As mentioned before, this function is really just "the distance between the actual coordinate, and the coordinate that the curve evaluates to for the associated `t` value", which we'll square to get rid of any pesky negative signs:
\[
E(C)_i = \left ( p_i - Bézier(s_i) \right )^2
\]
Since this function only deals with individual coordinates, we'll need to sum over all coordinates in order to get the full error function. So, we literally just do that; the total error function is simply the sum of all these individual errors:
\[
E(C) = \sum^n_{i=1} \left ( p_i - Bézier(s_i) \right )^2
\]
And here's the trick that justifies using matrices: while we can work with individual values using calculus, with matrices we can compute as many values as we make our matrices big, all at the "same time", We can replace the individual terms p<sub>i</sub> with the full **P** coordinate matrix, and we can replace Bézier(s<sub>i</sub>) with the matrix representation **T x M x C** we talked about before, which gives us:
\[
E(C) = \left ( P - TMC \right )^2
\]
In which we can replace the rather cumbersome "squaring" operation with a more conventional matrix equivalent:
\[
E(C) = \left ( P - TMC \right )^T \left ( P - TMC \right )
\]
Here, the letter `T` is used instead of the number 2, to represent the [matrix transpose](https://en.wikipedia.org/wiki/Transpose); each row in the original matrix becomes a column in the transposed matrix instead (row one becomes column one, row two becomes column two, and so on).
This leaves one problem: **T** isn't actually the matrix we want: we don't want symbolic `t` values, we want the actual numerical values that we conmputed for **S**, so we need to form a new matrix, which we'll call 𝕋, that makes use of those, and then use that 𝕋 instead of **T** in our error function:
\[
𝕋 = \begin{bmatrix}
1 & s_1 & s^2_1 & ... & s^n_1 \\
& & & & \\
& & ... & & \\
& & & & \\
1 & s_n & s^2_n & ... & s^n_n \\
\end{bmatrix}
\]
Now we can properly write out the error function as matrix operations:
\[
E(C) = \left ( P - 𝕋MC \right )^T \left ( P - 𝕋MC \right )
\]
So, we have our error function: we now need to figure out the expression for where that function has minimal value, e.g. where the error between the true coordinates and the coordinates generated by the curve fitting is smallest. Like in standard calculus, this requires taking the derivitive, and determining where that derivative is zero:
\[
\frac{\partial E}{\partial C} = 0 = -2𝕋^T \left ( P - 𝕋MC \right )
\]
<div className="note">
## Where did this derivative come from?
That... is a good question.
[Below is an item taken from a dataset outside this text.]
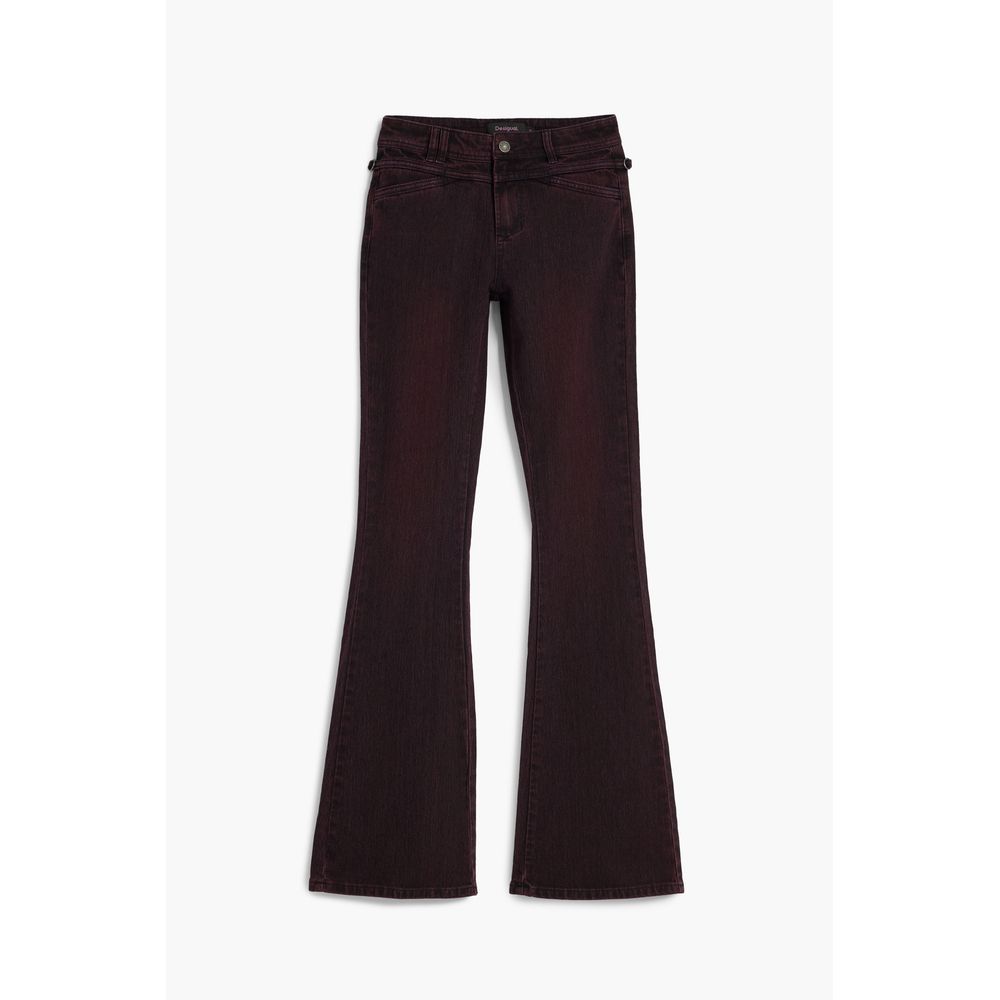 Purple Cotton Women Jeans Desigual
In fact, when trying to run through this approach, I ran into the same question! And you know what? I straight up had no idea. I'm decent enough at calculus, I'm decent enough at linear algebra, and I just don't know.
So I did what I always do when I don't understand something: I asked someone to help me understand how things work. In this specific case, I [posted a question](https://math.stackexchange.com/questions/2825438) to [Math.stackexchange](https://math.stackexchange.com), and received a answer that goes into way more detail than I had hoped to receive.
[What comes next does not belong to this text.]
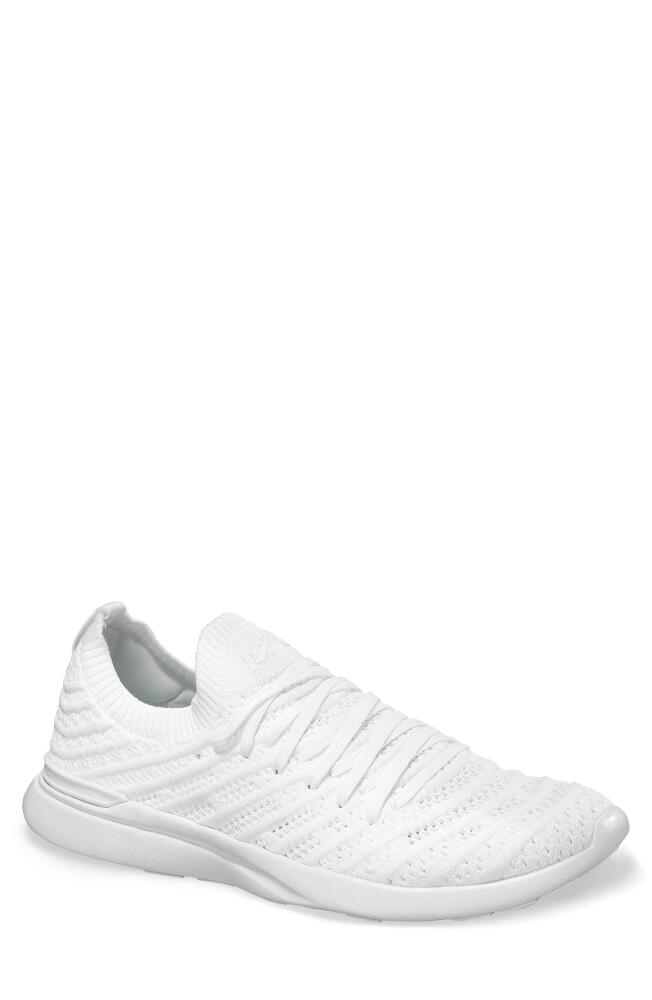 APL TechLoom Wave Hybrid Running Shoe in White/White Cover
Is that answer useful to you? Probably: no. At least, not unless you like understand maths on a recreational level. And I do mean maths in general, not just basic algebra. But, it does help in giving us a reference in case you ever wonder "hang on. Why was that true?". There are answers. They might just require some time to come to understand.
</div>
Now, given the above derivative, we can rearrange the terms (following the rules of matrix algebra) so that we end up with an expression for **C**:
\[
C = M^{-1} \left ( 𝕋^T 𝕋 \right )^{-1} 𝕋^T P
\]
Here, the "to the power negative one" is the notation for the [matrix inverse](https://en.wikipedia.org/wiki/Invertible_matrix). But that's all we have to do: we're done. Starting with **P** and inventing some `t` values based on the polygon the coordinates in **P** define, we can compute the corresponding Bézier coordinates **C** that specify a curve that goes through our points. Or, if it can't go through them exactly, as near as possible.
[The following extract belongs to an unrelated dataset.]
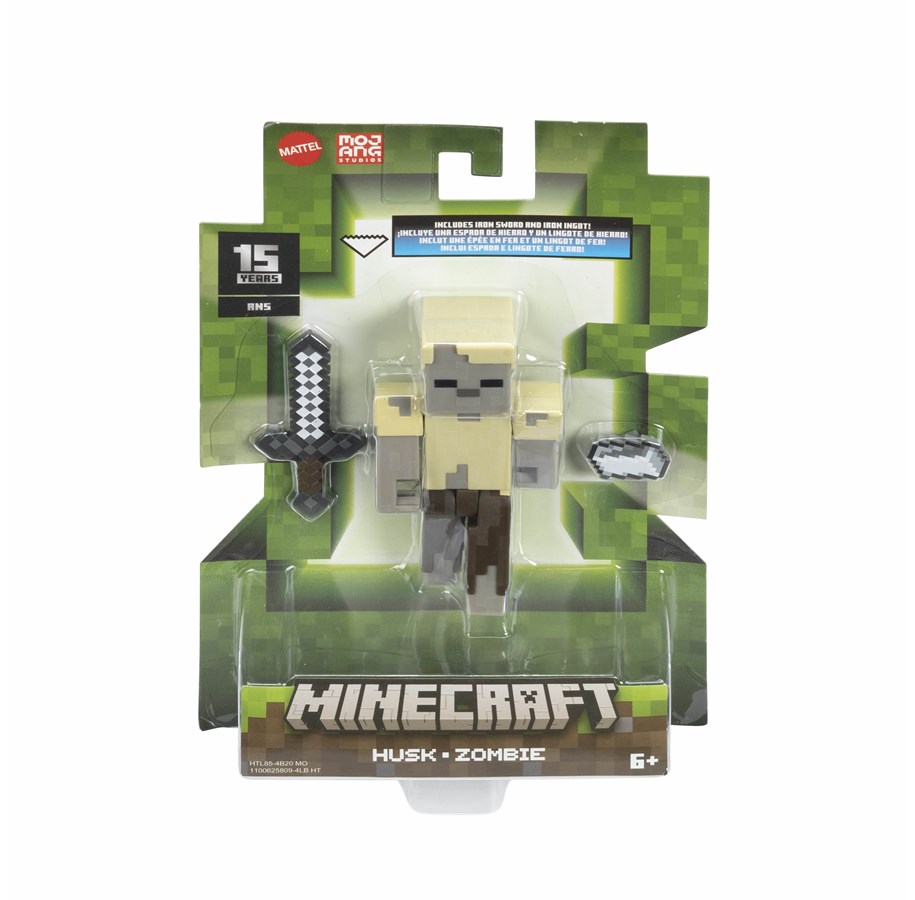 Drobiazgi - Minecraft - Husk Zombie 8 cm - Figurka - HTL85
So before we try that out, how much code is involved in implementing this? Honestly, that answer depends on how much you're going to be writing yourself. If you already have a matrix maths library available, then really not that much code at all. On the other hand, if you writing this from scratch, you're going to have to write some utility functions for doing your matrix work for you, so it's really anywhere from 50 lines of code to maybe 200 lines of code. Not a bad price to pay for being able to fit curves to prespecified coordinates.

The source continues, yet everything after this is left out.